Just finished: The Absolutely True Diary of a Part-Time Indian by Sherman Alexie. Having heard a lot about this book, I finally read it a few weeks ago. After the great expectations set up by the media I had a difficult time getting into the book... until about halfway in. Specifically I was hooked after the basketball game in the chapter titled "Reindeer Games." No spoilers from me, but after that chapter I was invested. It's an amazing book; I recommend it for all. I also congratulate Alexie for the status that comes with the censorship. It's not the worst thing to be challenged on par with Judy Blume's Deenie.
Just started: The Birchbark House by Louise Erdrich. A couple of chapters in, and I'm in love with the protagonist, Omakayas. Pronounced "Oh-MAH-kay-ahs," Erdrich writes in the acknowledgements at the beginning of the book, "Dear reader, when you speak this name out loud you will be honoring the life of an Ojibwa girl who lived long ago." Erdrich and her sister linked the book to an effort to support indigenous language revitalization by beginning The Birchbark House Fund.
Next on my list: Fatty Legs by Christy Jordan-Fenton and Margaret Pokiak-Fenton, and No Parole Today by Laura Tohe. Both books are set in boarding schools. Lately I've been pondering formalized education's role in simultaneously empowering and oppressing children (for an introduction to the "oppressing" side of things, see this clip from the film Schooling the World and Ken Robinson: How schools kill creativity).

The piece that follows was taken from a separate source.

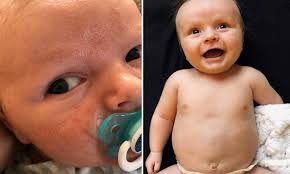 We did not find results for: Newborn Whose Skin Erupted In Acne Now Has A Clear Complexion Thanks To A 7 99 Coconut Oil Daily Mail Online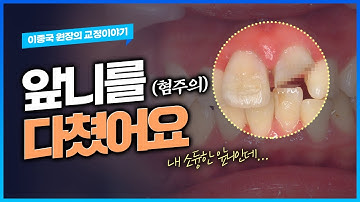 앞니를 다쳤을 때, 치료 방법은? [*사진주의*]치아파절, 뿌리파절, 치아빠짐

A cool blog: American Indians in Children's Literature by Debbie Reynolds. Reynolds is the leading scholar on American Indians in children's lit and maintains this blog as a way of making her scholarship accessible to teachers, parents, and students. It's been cited in the Handbook of Research on Children's and Young Adult Literature edited by Shelby Anne Wolf, Karen Coats, and Patricia Encisco, published in 2010 and The Oxford Handbook of Children's Literature by Julia L. Mickenberg and Lynne Vallone, published in 2011. I recommend starting with reading her thought-provoking post "Dear Jon Scieszka: I've got a bone to pick with you..."

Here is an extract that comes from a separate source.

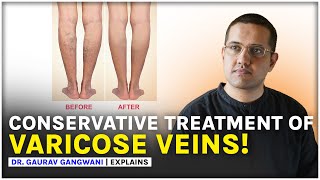 Varicose Veins Treatment Without Any Surgery  Dr Gaurav Gangwani Interventional Radiologist [upl. by Sualokcin]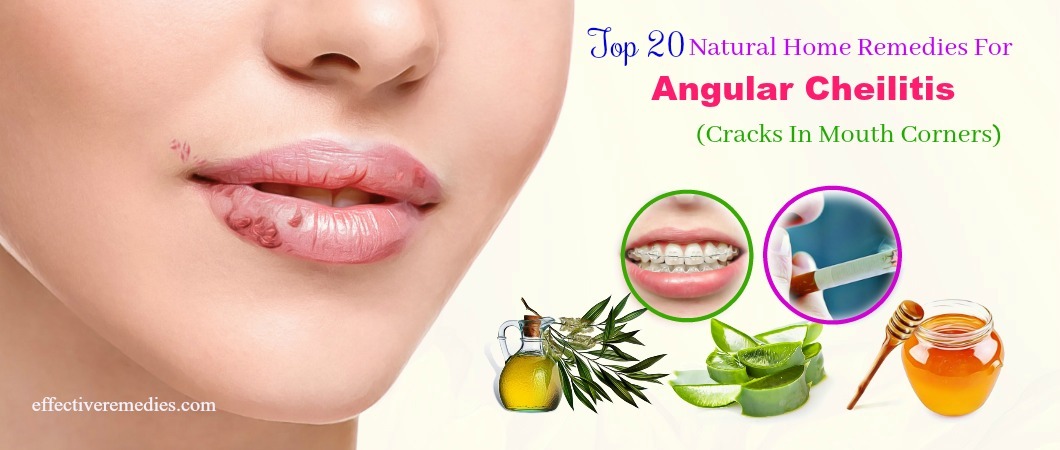 How To Cure Angular Cheilitis? Uk Remedies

My weekend reading: This article in Indian Country Today titled "Native History: Columbus- Icon and Genocidal Maniac- Lands in New World." Author Christina Rose asks, "...what is it about American culture that resists the truth more than 500 years later? Has it simply become a western tradition to do so?" She also cites and complicates the very articles I linked above.